Theorem (Lipton 1989)
Let [math]\displaystyle{ M_1=\{x_1,x_2,\ldots,x_n\} }[/math] and [math]\displaystyle{ M_2=\{y_1,y_2,\ldots,y_n\} }[/math] be two multisets whose members are from [math]\displaystyle{ \{1,2,\ldots,n\} }[/math]. If [math]\displaystyle{ M_1\neq M_2 }[/math], then
[math]\displaystyle{ \Pr[\mathrm{FING}(M_1)= \mathrm{FING}(M_2)]=O\left(\frac{1}{n}\right) }[/math].
Proof.
Let [math]\displaystyle{ P_1(u)=\prod_{i=1}^n(u-x_i) }[/math] and [math]\displaystyle{ P_2(u)=\prod_{i=1}^n(u-y_i) }[/math], and let [math]\displaystyle{ Q(u)=P_1(u)-P_2(u) }[/math].

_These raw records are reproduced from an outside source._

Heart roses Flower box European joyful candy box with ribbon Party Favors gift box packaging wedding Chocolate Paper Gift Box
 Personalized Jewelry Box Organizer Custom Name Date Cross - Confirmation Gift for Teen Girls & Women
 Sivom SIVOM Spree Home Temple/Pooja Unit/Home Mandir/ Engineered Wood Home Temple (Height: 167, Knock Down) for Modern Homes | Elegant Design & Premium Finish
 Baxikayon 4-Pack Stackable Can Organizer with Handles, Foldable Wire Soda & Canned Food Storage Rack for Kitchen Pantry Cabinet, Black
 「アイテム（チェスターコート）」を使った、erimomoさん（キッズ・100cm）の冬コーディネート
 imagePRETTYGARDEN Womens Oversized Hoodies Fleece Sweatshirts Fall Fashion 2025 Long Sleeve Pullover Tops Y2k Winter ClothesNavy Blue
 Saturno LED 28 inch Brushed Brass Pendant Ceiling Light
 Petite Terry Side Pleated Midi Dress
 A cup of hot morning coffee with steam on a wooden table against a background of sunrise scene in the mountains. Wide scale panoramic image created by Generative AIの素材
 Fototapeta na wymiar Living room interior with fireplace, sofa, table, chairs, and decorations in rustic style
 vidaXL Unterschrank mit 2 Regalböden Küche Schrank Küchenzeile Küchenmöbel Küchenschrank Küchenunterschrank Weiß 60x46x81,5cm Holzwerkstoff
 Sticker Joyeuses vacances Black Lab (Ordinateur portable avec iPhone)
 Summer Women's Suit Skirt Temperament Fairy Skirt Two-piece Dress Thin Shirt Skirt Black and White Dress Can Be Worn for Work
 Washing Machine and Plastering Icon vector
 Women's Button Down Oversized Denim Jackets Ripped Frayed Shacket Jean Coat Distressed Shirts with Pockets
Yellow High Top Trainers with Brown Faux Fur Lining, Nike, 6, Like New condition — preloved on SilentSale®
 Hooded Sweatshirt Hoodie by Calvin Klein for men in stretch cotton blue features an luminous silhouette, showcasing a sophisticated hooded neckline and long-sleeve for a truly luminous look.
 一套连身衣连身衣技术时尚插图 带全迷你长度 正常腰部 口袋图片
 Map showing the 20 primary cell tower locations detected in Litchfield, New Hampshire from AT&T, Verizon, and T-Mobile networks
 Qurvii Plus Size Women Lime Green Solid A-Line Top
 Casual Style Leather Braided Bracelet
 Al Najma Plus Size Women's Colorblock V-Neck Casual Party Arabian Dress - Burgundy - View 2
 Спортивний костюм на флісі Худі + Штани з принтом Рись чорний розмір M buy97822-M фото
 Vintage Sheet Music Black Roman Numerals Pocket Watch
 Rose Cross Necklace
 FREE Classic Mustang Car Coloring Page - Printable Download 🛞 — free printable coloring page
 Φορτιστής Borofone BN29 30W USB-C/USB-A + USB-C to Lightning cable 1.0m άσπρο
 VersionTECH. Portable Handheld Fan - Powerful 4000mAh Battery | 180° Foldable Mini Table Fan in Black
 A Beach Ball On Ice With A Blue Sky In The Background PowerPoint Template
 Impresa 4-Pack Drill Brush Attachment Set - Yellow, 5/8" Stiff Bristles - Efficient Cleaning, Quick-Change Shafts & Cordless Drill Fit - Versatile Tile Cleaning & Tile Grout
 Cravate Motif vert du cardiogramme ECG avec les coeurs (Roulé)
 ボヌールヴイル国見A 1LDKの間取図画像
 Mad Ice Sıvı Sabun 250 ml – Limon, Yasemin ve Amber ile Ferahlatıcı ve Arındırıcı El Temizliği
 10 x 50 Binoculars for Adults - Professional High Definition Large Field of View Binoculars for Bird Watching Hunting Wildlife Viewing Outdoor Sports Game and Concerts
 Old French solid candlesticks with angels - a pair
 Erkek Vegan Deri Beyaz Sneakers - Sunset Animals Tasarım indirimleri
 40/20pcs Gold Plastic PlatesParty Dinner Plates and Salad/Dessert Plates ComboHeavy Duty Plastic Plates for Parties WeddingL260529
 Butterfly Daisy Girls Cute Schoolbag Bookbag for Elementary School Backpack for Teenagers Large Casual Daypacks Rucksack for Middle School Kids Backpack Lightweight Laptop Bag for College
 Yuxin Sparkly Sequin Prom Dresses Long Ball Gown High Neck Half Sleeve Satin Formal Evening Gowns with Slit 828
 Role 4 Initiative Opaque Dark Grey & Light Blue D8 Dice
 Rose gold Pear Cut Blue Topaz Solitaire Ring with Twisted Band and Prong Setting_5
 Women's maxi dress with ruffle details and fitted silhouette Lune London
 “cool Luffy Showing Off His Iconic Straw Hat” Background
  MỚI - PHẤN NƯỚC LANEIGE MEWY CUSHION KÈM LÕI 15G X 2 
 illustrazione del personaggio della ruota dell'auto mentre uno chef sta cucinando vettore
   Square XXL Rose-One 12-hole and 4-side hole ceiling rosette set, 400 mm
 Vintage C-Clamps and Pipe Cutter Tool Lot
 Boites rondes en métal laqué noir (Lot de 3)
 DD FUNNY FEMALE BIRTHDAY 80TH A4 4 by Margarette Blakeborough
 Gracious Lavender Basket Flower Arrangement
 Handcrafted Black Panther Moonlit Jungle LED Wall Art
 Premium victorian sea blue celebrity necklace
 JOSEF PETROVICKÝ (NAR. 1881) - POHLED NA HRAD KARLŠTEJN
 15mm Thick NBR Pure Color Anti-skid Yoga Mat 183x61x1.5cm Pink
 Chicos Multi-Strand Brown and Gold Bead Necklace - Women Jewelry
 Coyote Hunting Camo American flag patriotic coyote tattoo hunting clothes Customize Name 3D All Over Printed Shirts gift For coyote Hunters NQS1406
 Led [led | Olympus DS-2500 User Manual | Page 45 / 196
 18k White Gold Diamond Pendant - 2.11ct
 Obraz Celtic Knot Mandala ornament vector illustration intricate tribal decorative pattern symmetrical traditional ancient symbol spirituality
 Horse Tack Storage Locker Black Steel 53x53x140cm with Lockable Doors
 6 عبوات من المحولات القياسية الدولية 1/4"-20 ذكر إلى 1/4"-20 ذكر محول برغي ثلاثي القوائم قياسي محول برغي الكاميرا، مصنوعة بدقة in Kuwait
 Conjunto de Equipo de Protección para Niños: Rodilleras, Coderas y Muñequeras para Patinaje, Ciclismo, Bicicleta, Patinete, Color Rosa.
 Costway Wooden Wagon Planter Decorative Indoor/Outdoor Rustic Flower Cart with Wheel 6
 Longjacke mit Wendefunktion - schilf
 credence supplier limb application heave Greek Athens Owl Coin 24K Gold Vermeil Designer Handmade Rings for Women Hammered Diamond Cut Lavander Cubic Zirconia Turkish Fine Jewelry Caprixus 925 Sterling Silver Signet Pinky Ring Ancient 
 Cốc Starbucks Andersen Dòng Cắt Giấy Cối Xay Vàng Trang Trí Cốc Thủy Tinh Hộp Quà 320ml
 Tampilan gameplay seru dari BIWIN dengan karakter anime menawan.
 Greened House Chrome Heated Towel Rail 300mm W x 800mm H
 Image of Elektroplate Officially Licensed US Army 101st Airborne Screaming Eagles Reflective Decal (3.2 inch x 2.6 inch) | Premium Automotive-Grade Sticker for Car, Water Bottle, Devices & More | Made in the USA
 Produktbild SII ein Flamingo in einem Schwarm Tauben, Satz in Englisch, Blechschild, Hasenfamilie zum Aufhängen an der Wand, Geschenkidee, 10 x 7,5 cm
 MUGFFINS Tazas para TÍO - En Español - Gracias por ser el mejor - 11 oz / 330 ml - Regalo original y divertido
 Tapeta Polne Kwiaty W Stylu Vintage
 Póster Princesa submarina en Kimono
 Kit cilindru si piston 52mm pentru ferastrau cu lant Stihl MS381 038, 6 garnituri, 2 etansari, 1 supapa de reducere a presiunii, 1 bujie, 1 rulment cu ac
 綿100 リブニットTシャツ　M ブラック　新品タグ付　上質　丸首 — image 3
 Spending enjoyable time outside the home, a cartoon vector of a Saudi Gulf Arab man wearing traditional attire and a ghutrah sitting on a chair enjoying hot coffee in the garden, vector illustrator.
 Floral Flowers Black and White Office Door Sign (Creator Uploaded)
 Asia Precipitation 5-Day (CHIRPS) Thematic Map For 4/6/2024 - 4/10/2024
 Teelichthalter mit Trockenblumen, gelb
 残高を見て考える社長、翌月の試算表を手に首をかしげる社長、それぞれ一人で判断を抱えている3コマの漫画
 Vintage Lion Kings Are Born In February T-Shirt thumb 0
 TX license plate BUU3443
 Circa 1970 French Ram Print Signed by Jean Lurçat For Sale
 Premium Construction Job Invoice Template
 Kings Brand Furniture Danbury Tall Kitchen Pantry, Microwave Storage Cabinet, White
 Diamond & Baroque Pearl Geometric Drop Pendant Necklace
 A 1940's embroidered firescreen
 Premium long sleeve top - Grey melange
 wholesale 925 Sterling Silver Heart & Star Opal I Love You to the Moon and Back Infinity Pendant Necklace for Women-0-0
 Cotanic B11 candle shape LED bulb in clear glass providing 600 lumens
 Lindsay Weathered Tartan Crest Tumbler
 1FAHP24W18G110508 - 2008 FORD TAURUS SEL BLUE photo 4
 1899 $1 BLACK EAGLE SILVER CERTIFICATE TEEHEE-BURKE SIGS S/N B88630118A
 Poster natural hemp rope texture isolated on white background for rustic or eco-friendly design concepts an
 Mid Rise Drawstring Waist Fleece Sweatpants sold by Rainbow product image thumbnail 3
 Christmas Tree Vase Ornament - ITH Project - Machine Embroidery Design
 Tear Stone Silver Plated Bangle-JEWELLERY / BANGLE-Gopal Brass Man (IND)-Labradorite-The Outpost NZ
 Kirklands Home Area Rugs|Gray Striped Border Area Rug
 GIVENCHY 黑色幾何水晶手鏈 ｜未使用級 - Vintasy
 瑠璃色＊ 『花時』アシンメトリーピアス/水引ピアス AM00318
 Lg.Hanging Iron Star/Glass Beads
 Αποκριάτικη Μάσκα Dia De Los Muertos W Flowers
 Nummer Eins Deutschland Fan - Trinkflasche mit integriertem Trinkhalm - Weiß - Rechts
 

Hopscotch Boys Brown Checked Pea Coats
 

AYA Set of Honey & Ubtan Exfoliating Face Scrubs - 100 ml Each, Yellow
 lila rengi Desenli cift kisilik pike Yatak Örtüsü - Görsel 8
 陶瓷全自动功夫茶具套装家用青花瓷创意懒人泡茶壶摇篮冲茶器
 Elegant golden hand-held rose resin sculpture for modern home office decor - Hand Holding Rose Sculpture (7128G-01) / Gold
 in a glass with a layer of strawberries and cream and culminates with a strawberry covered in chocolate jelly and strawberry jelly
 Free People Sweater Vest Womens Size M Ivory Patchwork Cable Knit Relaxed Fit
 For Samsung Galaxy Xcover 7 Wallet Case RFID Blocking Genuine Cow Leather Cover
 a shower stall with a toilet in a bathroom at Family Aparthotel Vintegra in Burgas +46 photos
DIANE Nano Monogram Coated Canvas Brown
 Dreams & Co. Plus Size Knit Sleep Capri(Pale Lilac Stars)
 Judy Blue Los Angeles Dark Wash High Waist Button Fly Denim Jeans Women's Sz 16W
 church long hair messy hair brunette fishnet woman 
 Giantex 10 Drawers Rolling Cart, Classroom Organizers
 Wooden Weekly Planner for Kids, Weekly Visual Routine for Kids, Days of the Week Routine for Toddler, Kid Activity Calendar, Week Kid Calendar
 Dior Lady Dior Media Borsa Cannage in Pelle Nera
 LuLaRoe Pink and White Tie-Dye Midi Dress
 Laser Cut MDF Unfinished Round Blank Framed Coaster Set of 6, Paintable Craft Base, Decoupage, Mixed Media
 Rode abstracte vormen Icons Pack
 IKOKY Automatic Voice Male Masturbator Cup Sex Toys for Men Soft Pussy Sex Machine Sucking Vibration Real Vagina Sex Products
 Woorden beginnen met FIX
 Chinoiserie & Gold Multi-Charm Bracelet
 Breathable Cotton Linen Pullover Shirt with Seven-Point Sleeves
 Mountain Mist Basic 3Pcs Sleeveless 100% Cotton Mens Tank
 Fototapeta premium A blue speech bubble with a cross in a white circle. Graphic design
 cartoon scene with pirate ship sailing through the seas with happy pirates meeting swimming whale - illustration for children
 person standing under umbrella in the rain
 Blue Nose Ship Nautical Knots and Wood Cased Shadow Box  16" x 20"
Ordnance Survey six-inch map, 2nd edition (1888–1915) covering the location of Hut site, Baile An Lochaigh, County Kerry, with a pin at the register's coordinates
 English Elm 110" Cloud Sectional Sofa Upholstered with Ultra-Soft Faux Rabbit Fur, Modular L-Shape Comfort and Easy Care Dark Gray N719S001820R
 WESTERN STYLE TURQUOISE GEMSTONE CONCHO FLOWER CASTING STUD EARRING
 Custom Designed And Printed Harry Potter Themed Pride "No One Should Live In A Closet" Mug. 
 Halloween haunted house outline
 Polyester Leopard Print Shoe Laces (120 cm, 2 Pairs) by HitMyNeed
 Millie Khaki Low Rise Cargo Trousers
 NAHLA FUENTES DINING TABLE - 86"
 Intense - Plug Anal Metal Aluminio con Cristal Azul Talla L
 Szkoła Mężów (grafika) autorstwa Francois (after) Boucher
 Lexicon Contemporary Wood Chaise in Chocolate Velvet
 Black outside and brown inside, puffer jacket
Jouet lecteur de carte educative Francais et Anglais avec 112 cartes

If [math]\displaystyle{ M_1\neq M_2 }[/math], then the polynomials [math]\displaystyle{ P_1 }[/math] and [math]\displaystyle{ P_2 }[/math] are not identical, and the polynomial [math]\displaystyle{ Q\not\equiv 0 }[/math]. We only need to show that [math]\displaystyle{ \Pr[Q(r)\bmod =0]\, }[/math] is small for our choice of random [math]\displaystyle{ p }[/math] and [math]\displaystyle{ r }[/math].

We first show that the probability that [math]\displaystyle{ Q\equiv 0 \bmod p }[/math] is small. Then apply the Schwartz-Zippel technique to show that conditioning on that [math]\displaystyle{ Q\not\equiv 0 \bmod p }[/math], the probability [math]\displaystyle{ Q(r) \bmod p=0 }[/math] is small.

Expand [math]\displaystyle{ Q(u) }[/math] in form of [math]\displaystyle{ Q(u)=\sum_{k=0}^n a_i u^k }[/math]. It can be verified by induction on [math]\displaystyle{ n }[/math] that for any coefficient [math]\displaystyle{ a_k }[/math], it holds that [math]\displaystyle{ |a_k|\le 2n\cdot 2^{n} }[/math].

Since [math]\displaystyle{ Q\not\equiv 0 }[/math], it has at least one nonzero coefficient [math]\displaystyle{ c\neq 0 }[/math], and it holds that [math]\displaystyle{ |c|\le 2n\cdot 2^{n} }[/math]. Then with the same analysis as in the problem of EQ, by our choice of random [math]\displaystyle{ p }[/math],

[math]\displaystyle{ \Pr[c\bmod p=0]=O\left(\frac{1}{n}\right) }[/math].

Conditioning on that [math]\displaystyle{ Q\not\equiv 0 }[/math] after modulo [math]\displaystyle{ p }[/math], since the degree of [math]\displaystyle{ Q }[/math] is at most [math]\displaystyle{ n }[/math], [math]\displaystyle{ Q }[/math] has at most [math]\displaystyle{ n }[/math] roots. Since [math]\displaystyle{ p\in[(n\log n)^2,2(n\log n)^2] }[/math], therefore [math]\displaystyle{ r }[/math] is uniformly distributed over a set of size at least [math]\displaystyle{ (n\log n)^2 }[/math]. Therefore, the probability that [math]\displaystyle{ Q(r)\bmod p =0 }[/math] conditioning on that [math]\displaystyle{ Q\not\equiv 0\bmod p }[/math] is at most [math]\displaystyle{ \frac{1}{n(\log n)^2} }[/math].

By the union bound, [math]\displaystyle{ \Pr[\mathrm{FING}(M_1)= \mathrm{FING}(M_2)]=O\left(\frac{1}{n}\right) }[/math].

[math]\displaystyle{ \square }[/math]

Checking distinctness by fingerprinting multisets

We now have a fingerprint function for multisets, which is useful for checking the identities of multisets. To solve the problem of checking distinctness, we just check whether the input multiset [math]\displaystyle{ M }[/math] is identical to the set [math]\displaystyle{ \{1,2,\ldots,n\} }[/math].